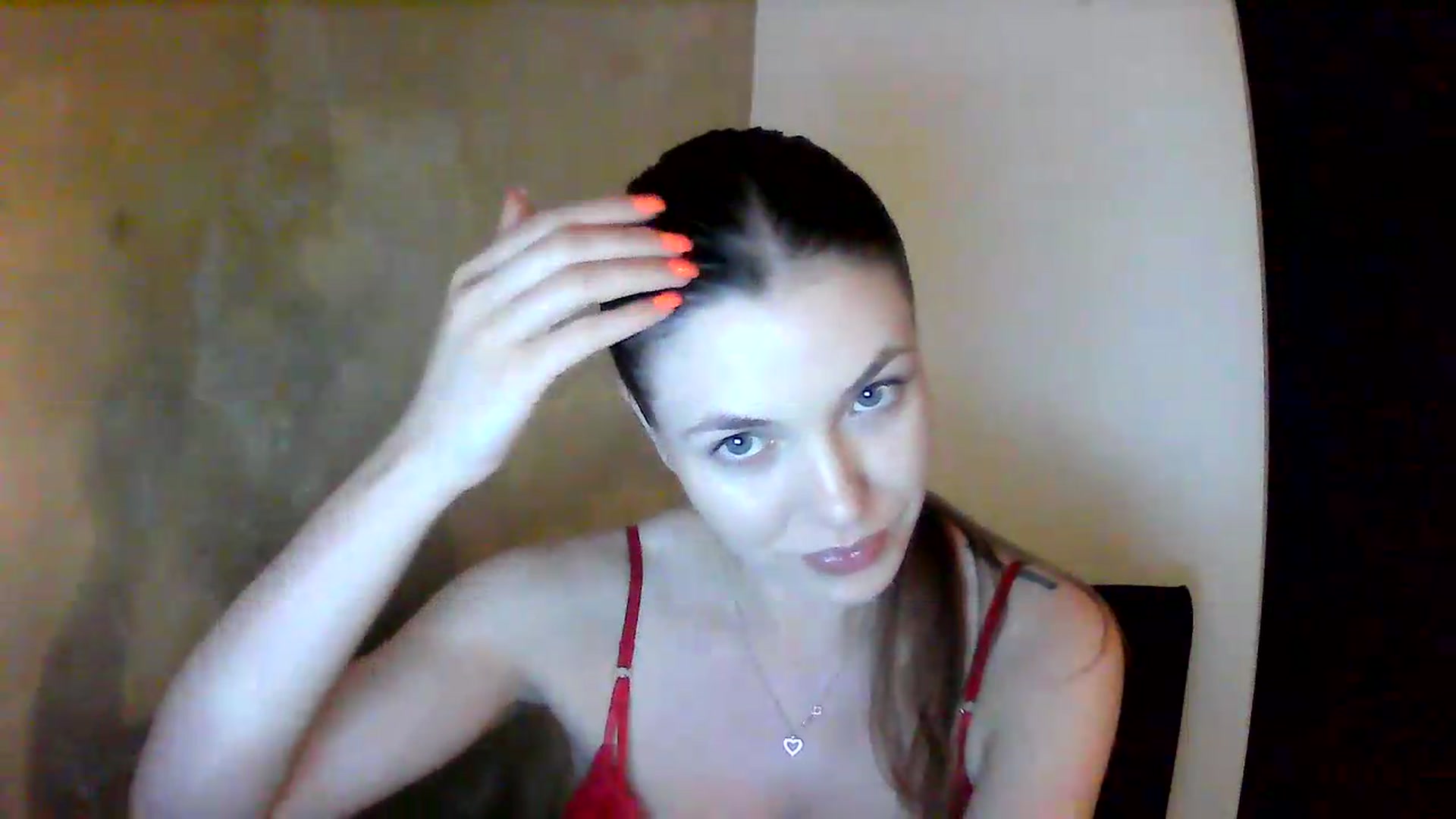 Gallery image thumbnail from GreenKittyy's myfreecams stream on, 07/11/2026, 02:01 image 5 of 20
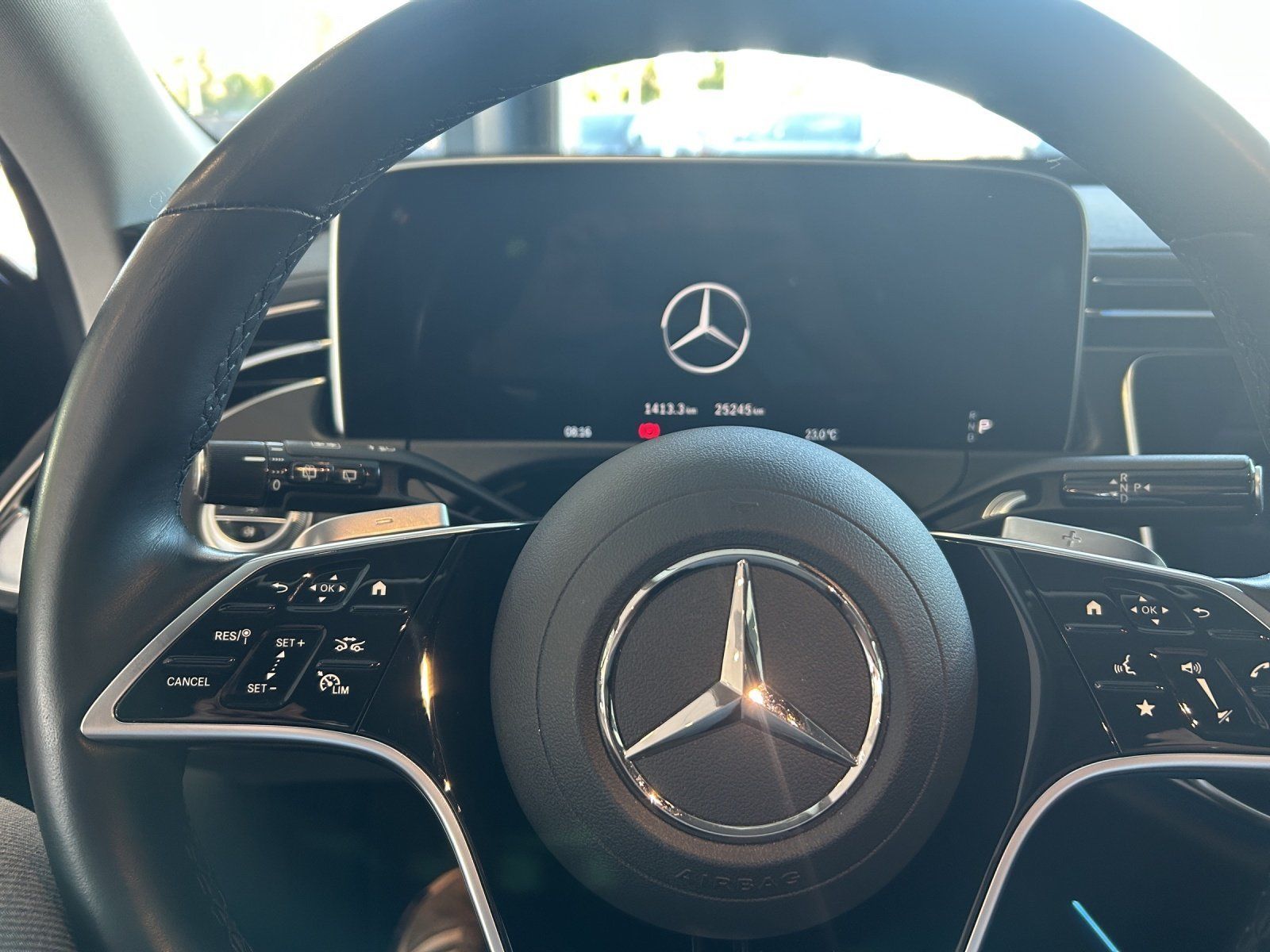Fahrzeugabbildung Mercedes-Benz E 300e T Avantg Advanced DISTRO Burme LED Kamera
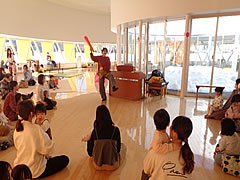 「ファミリー講座『親子でリズム遊び』」の画像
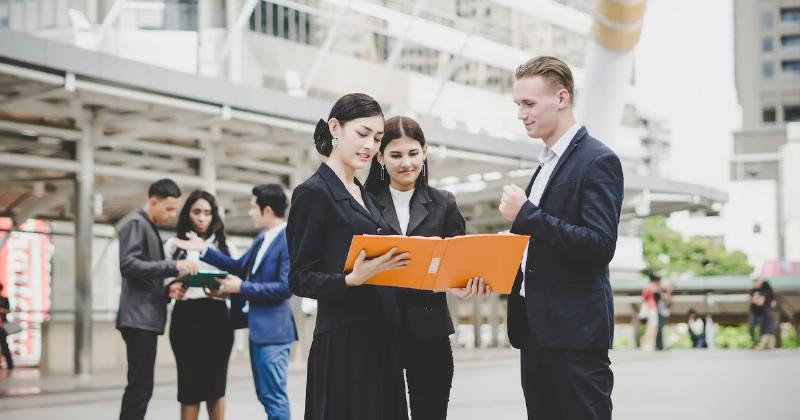 Đội ngũ nhân viên làm việc hiệu quả và văn hóa doanh nghiệp vững mạnh như lớp điện môi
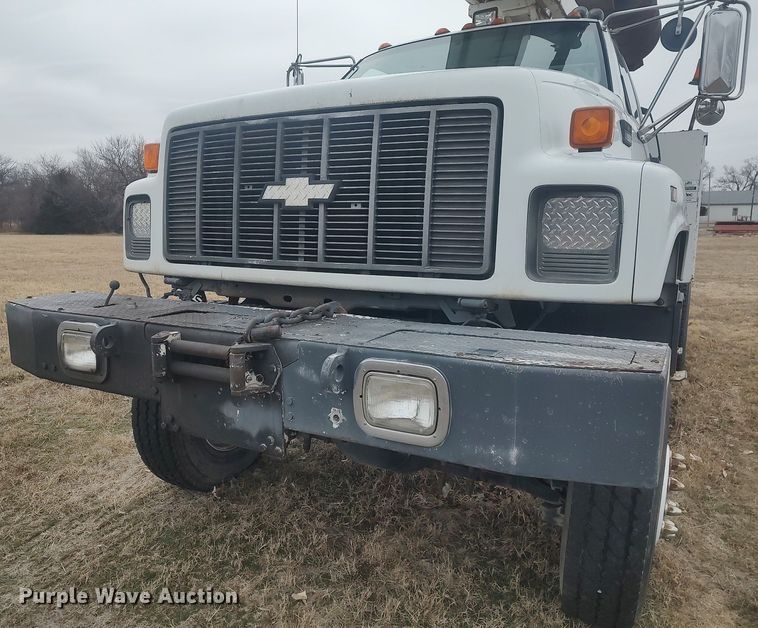 image for item MM9919 2000 Chevrolet C7500  digger derrick truck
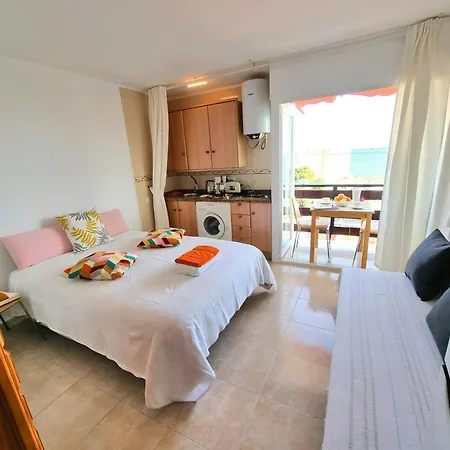 Pleasant With Sea View In Benalmadena, 30 M², Pool *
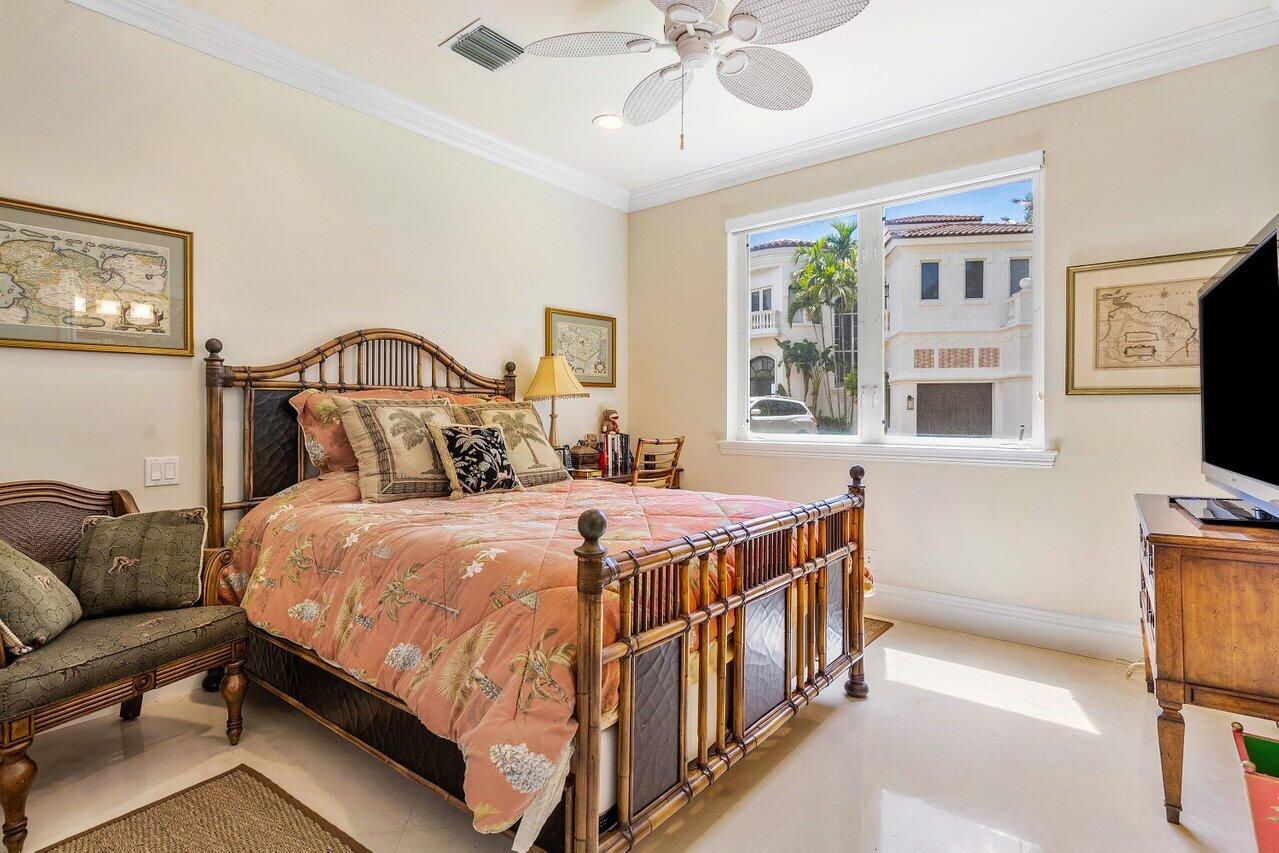 2629 S Ocean Boulevard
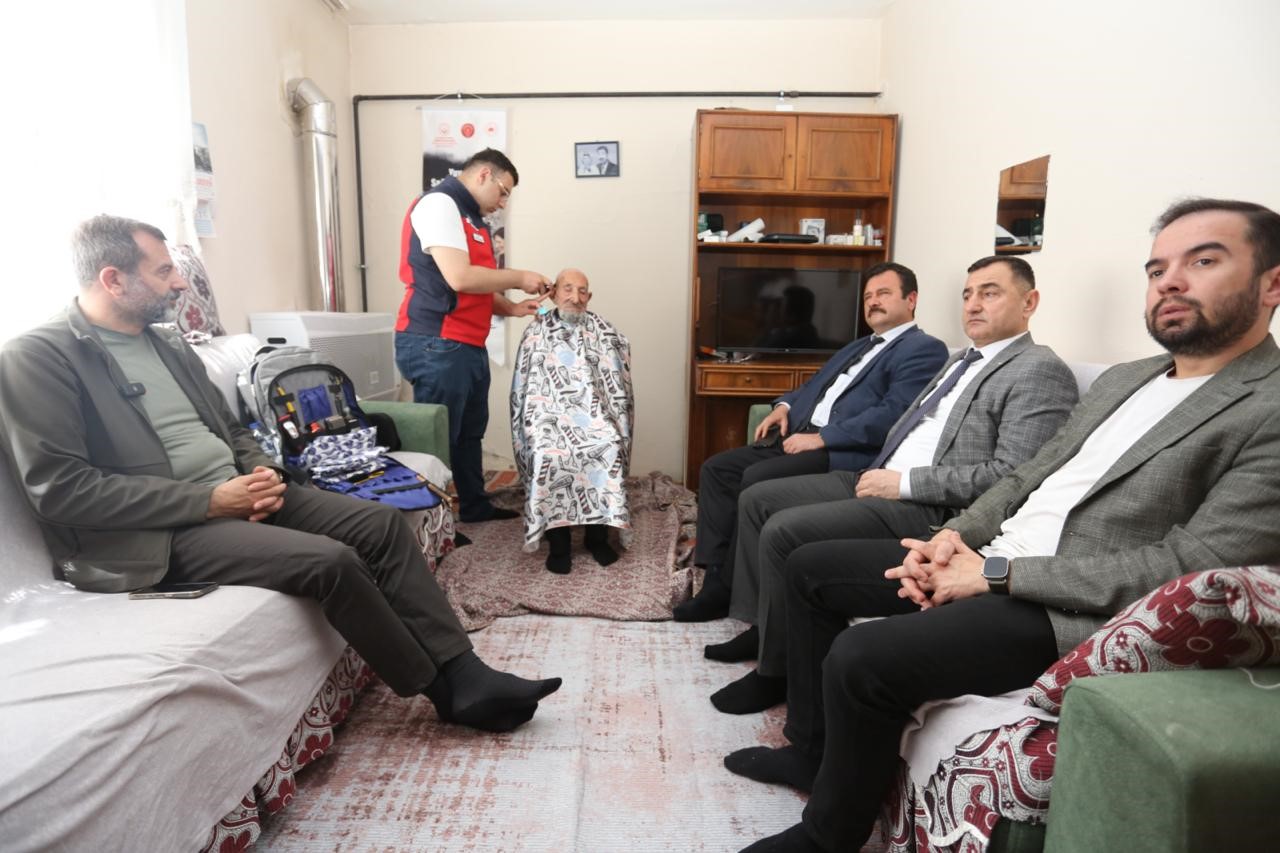 Gürsu’da çocuklara destek, büyüklere vefa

○ ○ ○

- _WHAT IS EXPECTED_
Copy exactly the lines from the line containing "image for item" through the last line of the records, both included, and omit every picture.

- _SOLUTION TO THIS TASK_
 image for item MM9919 2000 Chevrolet C7500  digger derrick truck
 Pleasant With Sea View In Benalmadena, 30 M², Pool *
 2629 S Ocean Boulevard
 Gürsu’da çocuklara destek, büyüklere vefa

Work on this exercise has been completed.